As coach and general manager from July 2013 to the end of the 2015 season, Parsons led the Spirit to two National Women’s Soccer League playoff appearances before accepting the top job in Portland in 2016. The Thorns won a championship in 2017 and two NWSL Shields as the league’s first-place finisher during Parsons’s five seasons in charge.

“This is an easy introduction,” Spirit President Mark Krikorian said in a news conference Monday. “[Spirit owner Michele Kang] has said from the beginning that she wanted to create the best women’s soccer club and environment and that starts by going out and trying to secure the best. We feel that we’ve done that in bringing Mark Parsons to Washington.”

An England native, Parsons was most recently the coach of the Netherlands women’s national team from September 2021 to August 2022. Parsons, 36, departed by mutual consent after the Dutch were defeated in the quarterfinals of the Women’s European Championship.

Parsons will be the club’s third full-time coach in the last three years. The length and financial terms of Parsons’s contract were not immediately available.

“It’s the club and the organization that gave me my first chance in coaching professionally at a very, very young age,” Parsons said Monday. “And I think back to those days and I wish I was a little bit better than I was when I started. But that’s part of the process and I’m grateful to be back in an area where the Spirit Squadron and the fans and the support is incredible.”

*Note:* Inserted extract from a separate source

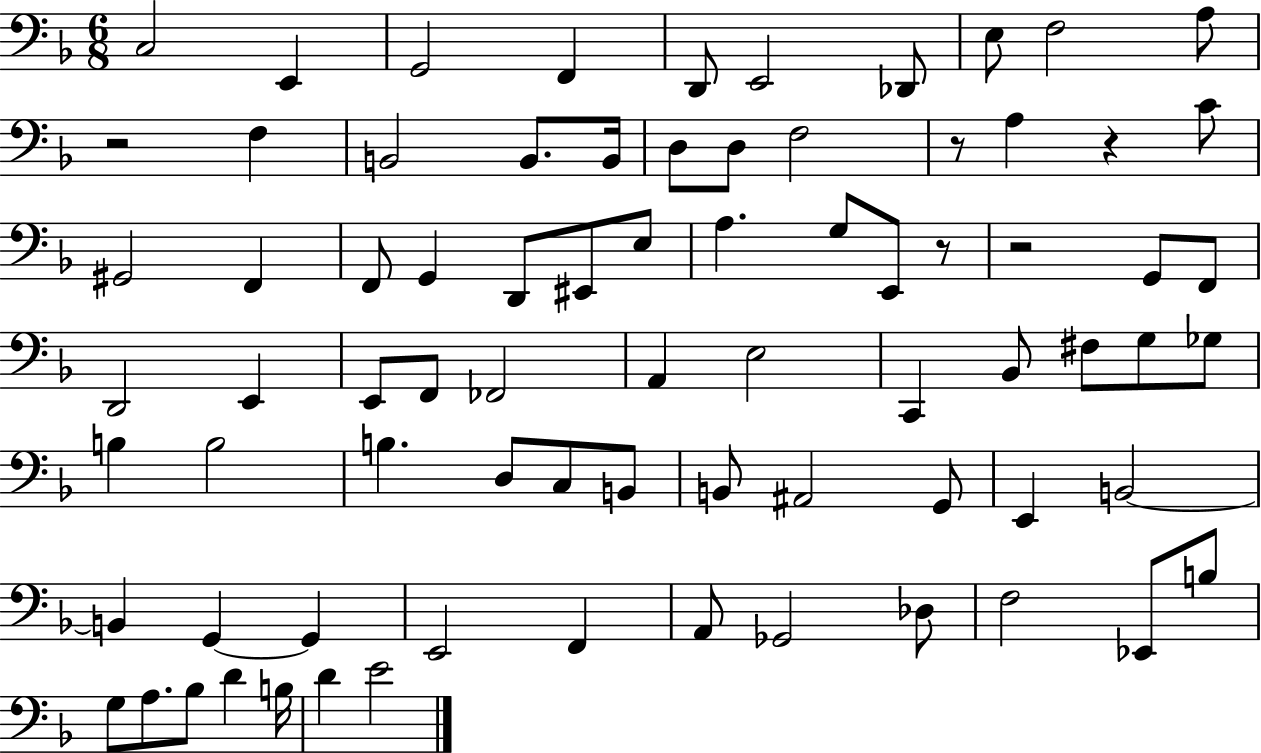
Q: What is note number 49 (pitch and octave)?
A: B2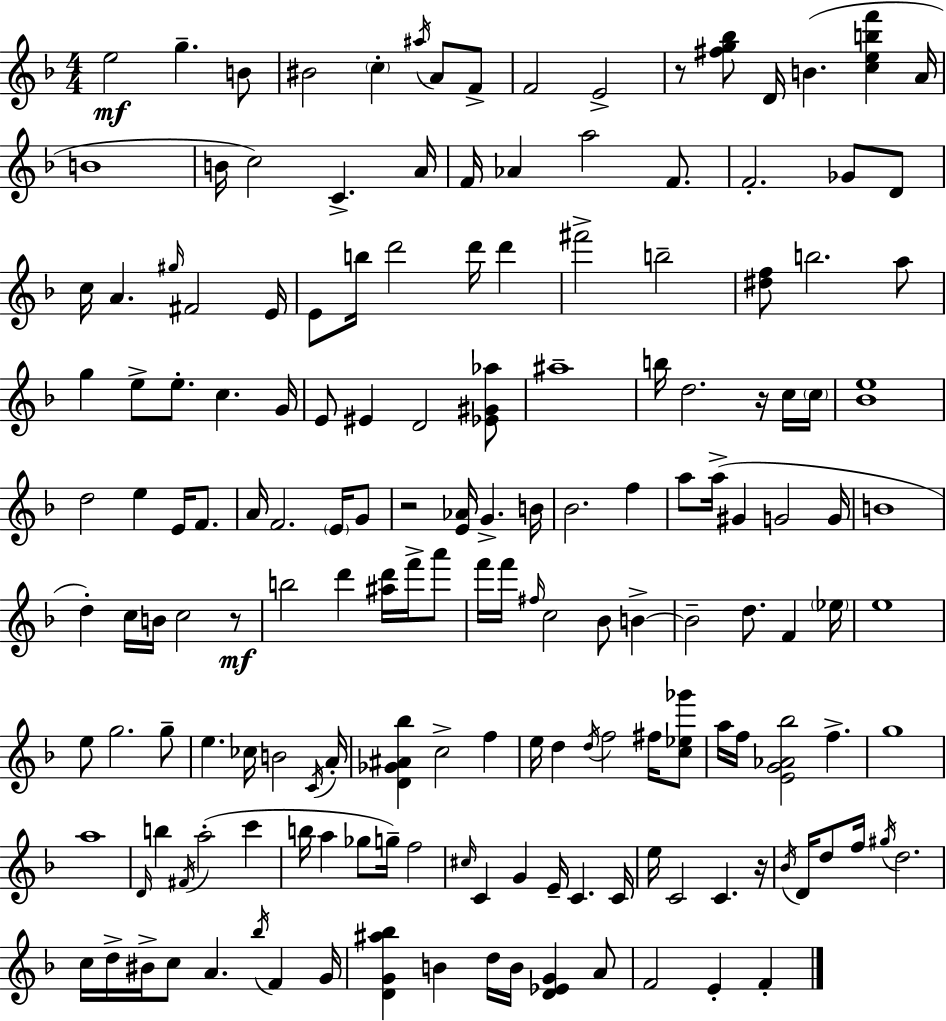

The Spirit’s list of candidates included “five different people at different times,” Krikorian said. Parsons and Washington first made contact in August.

Krikorian said the Spirit did not have a hiring committee and that the process was instead handled by a couple of people in the organization. When asked, he did not specify if women or people of color were among the candidates in the search. In October, D.C. United was fined $25,000 for violating MLS’s diversity hiring policy before appointing Wayne Rooney as its coach.

The Spirit is coming off a 3-9-10 season in which it finished 11th in the 12-team league. Kris Ward, who was in charge as interim coach when the club won the NWSL title in 2021, was dismissed midway through the season amid middling results and a deteriorating relationship with players.

After Ward’s firing in August, Washington named Albertin Montoya as interim coach. The Spirit went 2-3 under Montoya; at the end of the season, he returned to Northern California, where he operates a youth club.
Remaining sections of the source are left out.